1. While I fully agree with the conclusion of the majority that there has been no violation of Article 6 § 1 of the Convention and with many of the reasons on which my distinguished colleagues of the same majority base that conclusion, I respectfully disagree with some other findings.

2. The Chamber was faced with a rather peculiar case, in which over six years (see paragraphs 11-13 and 28 of the Chamber judgment (“the judgment”)) four first-instance (see paragraphs 19, 23, 25, and 27 of the judgment) and four appellate court judgments (see paragraphs 22, 24, 26 and 28 of the judgment) were rendered. There had been no challenge or other issue raised by the applicant concerning the neutrality of the court-appointed expert, whose report had played a decisive role in the assessment of a part of the applicant’s claim (see paragraph 65 of the judgment). Eventually, after the lawyer representing the applicant changed, that issue was raised as part of a procedural ground of appeal against the fourth first-instance judgment (see paragraph 28 of the judgment).

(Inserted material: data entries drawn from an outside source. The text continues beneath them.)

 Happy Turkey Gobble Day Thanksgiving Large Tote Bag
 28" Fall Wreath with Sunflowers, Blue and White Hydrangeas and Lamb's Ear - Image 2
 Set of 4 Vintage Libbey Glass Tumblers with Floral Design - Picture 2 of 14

3. Under the applicable domestic civil procedural law (Croatia’s Civil Procedure Act (“the Act”) referred to in paragraphs 32 and following of the judgment) a court-appointed expert is selected, pursuant to section 252 of the Act, primarily from approved lists of permanent court experts, a system which is widespread in Europe in order to provide the public with prior information on eligible appointees, so that possible issues as to their professionalism and neutrality can be resolved in good time.

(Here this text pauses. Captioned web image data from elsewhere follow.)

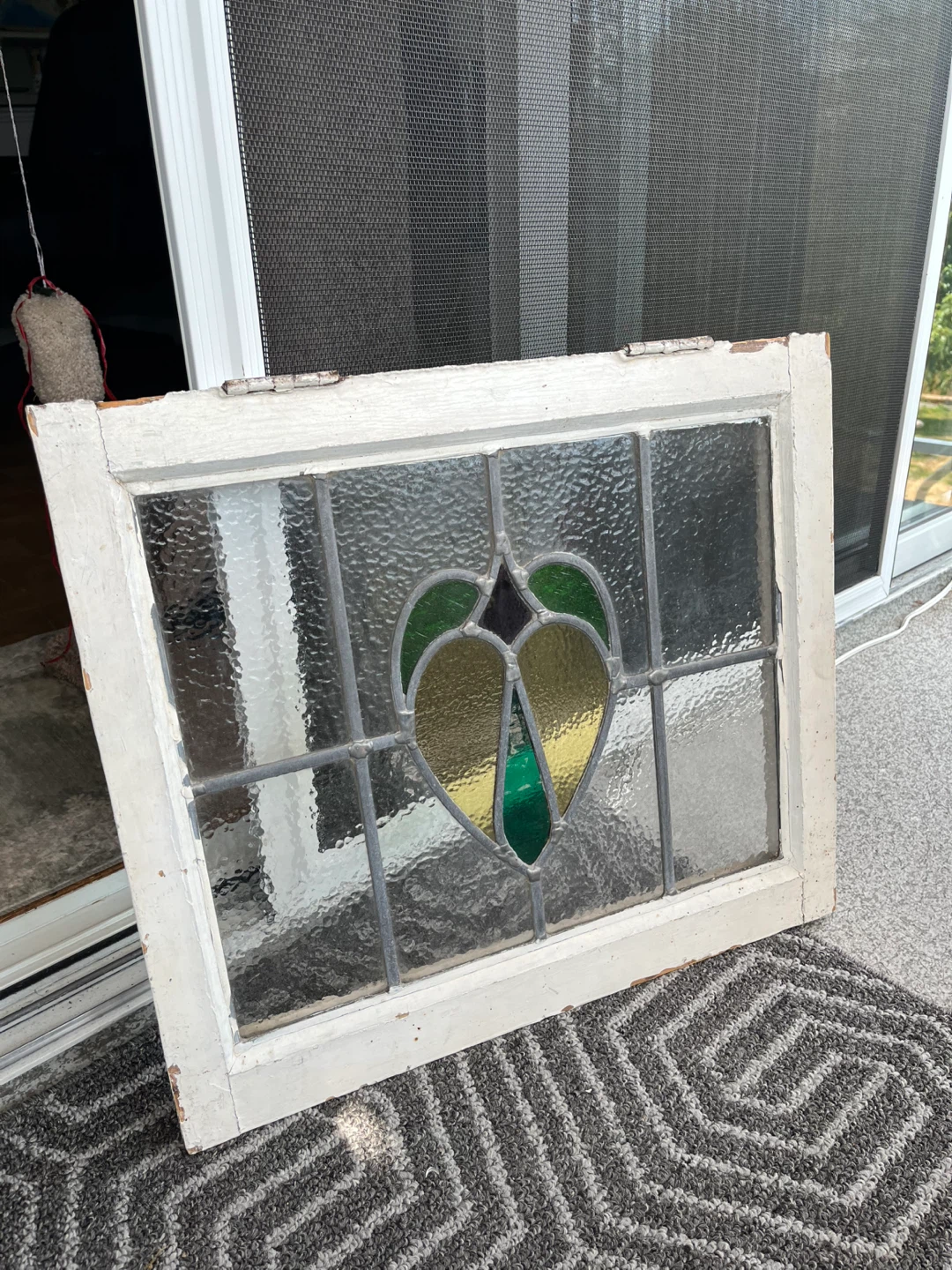 Antique early stained glass window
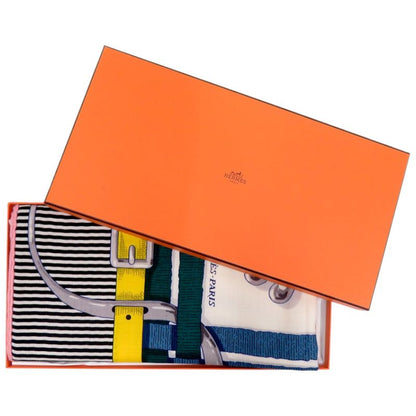 Hermes Carre Geant Carre 140 MORS A Jouets Horsebit Cashmere Silk Black Scarf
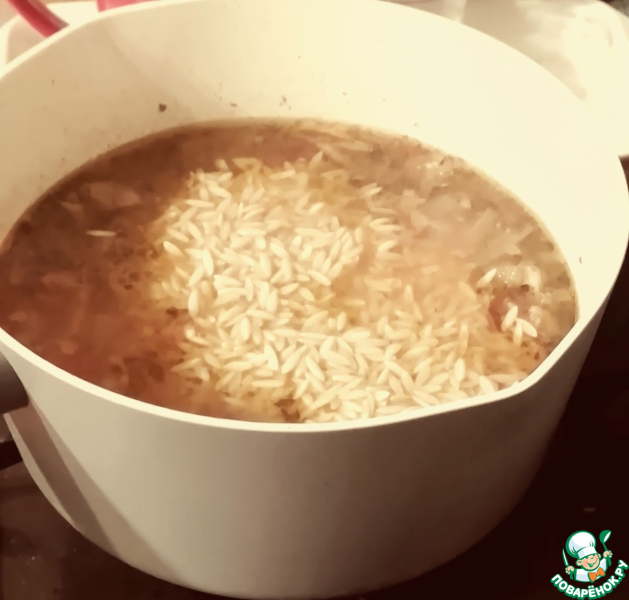 Томатный суп с орзо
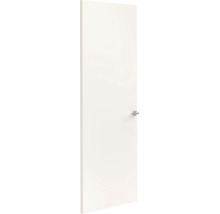 Moderne witte binnendeur met een zilverkleurige klink.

4. Furthermore, the domestic Act – again in line with several other European systems of civil procedure – establishes time-limits on the raising of doubts as to the expert’s neutrality.

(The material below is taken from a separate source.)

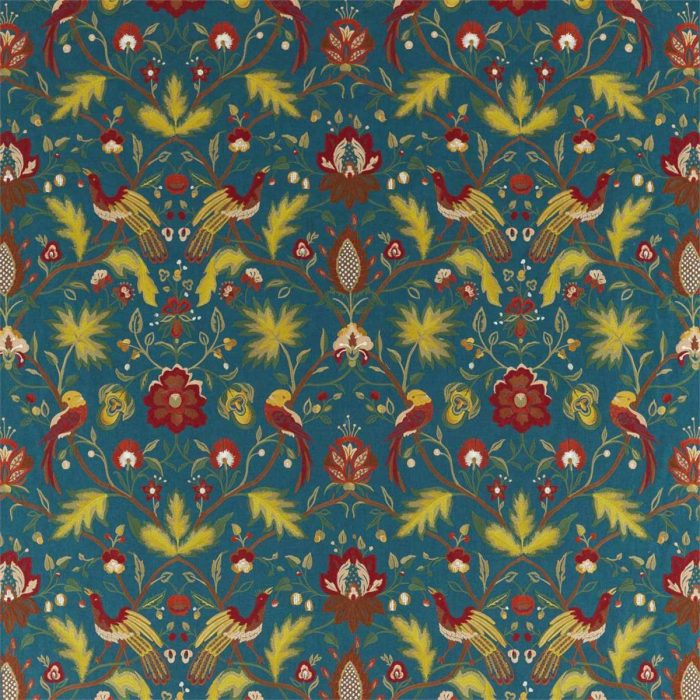 Oiseaux de Paradis Embroidery Fabric - Prussian Blue swatch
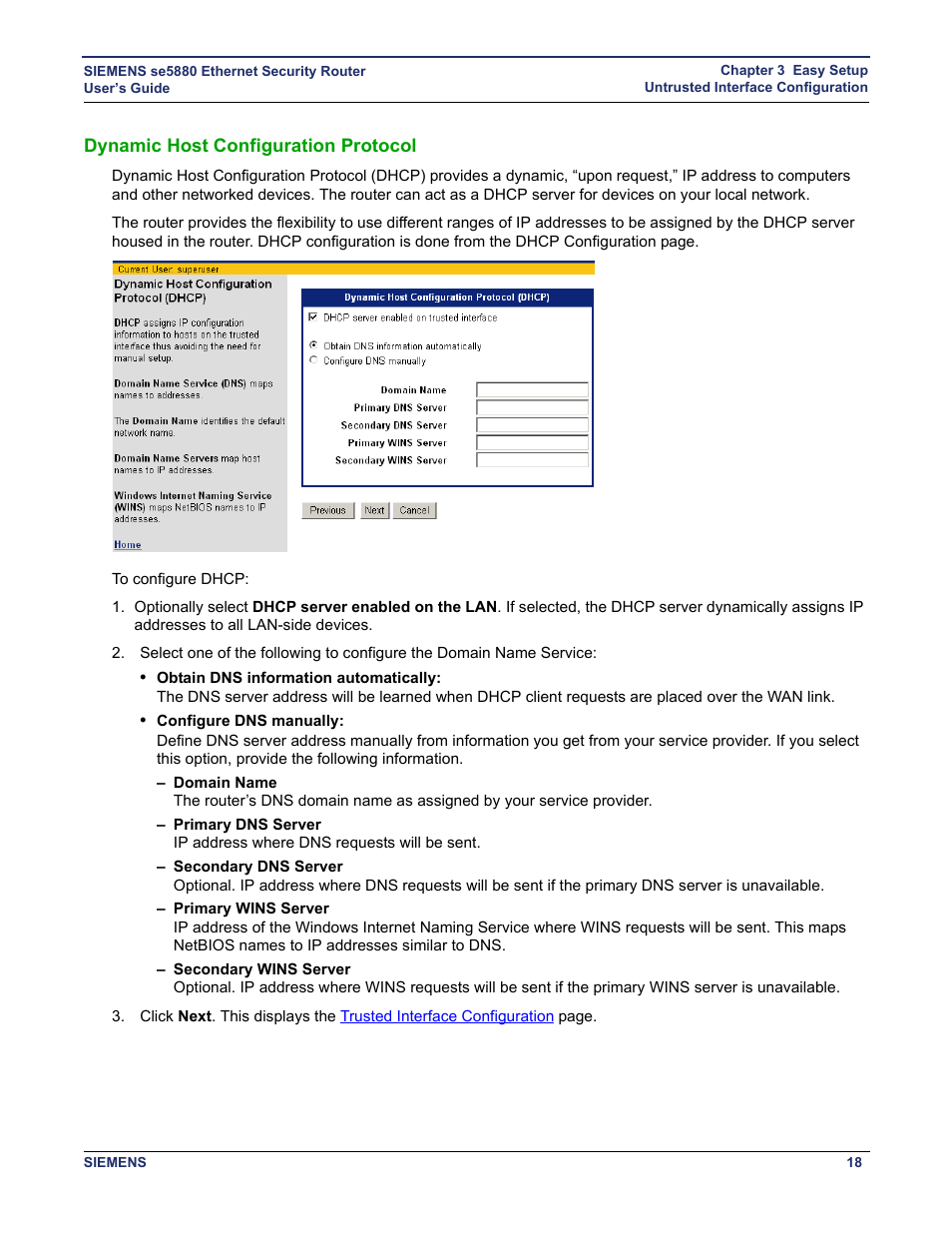 Dynamic host configuration protocol, This displays the | Siemens se5880 User Manual | Page 24 / 86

Thus, pursuant to section 254(2) of the Act,

“ the party challenging the court-appointed expert is obliged to submit a request for disqualification as soon as he or she learns that a ground for disqualification exists, and at the latest before the beginning of the hearing of evidence from that expert. If the court hears the parties regarding the character of the expert before selecting him or her, the parties are obliged to make a statement regarding disqualification at that time ”.

Additionally, under section 254(6) of the Act,

“If a party discovers reasons for disqualification after that evidence from the expert has been collected and therefore objects to the expertise, the court shall act as though the request for disqualification had been submitted before the obtaining of the expert evidence” .

Under section 254(5) of the Act,

“ No appeal is permitted against a ruling allowing a request for disqualification, and no separate appeal is permitted against a ruling refusing the request ”.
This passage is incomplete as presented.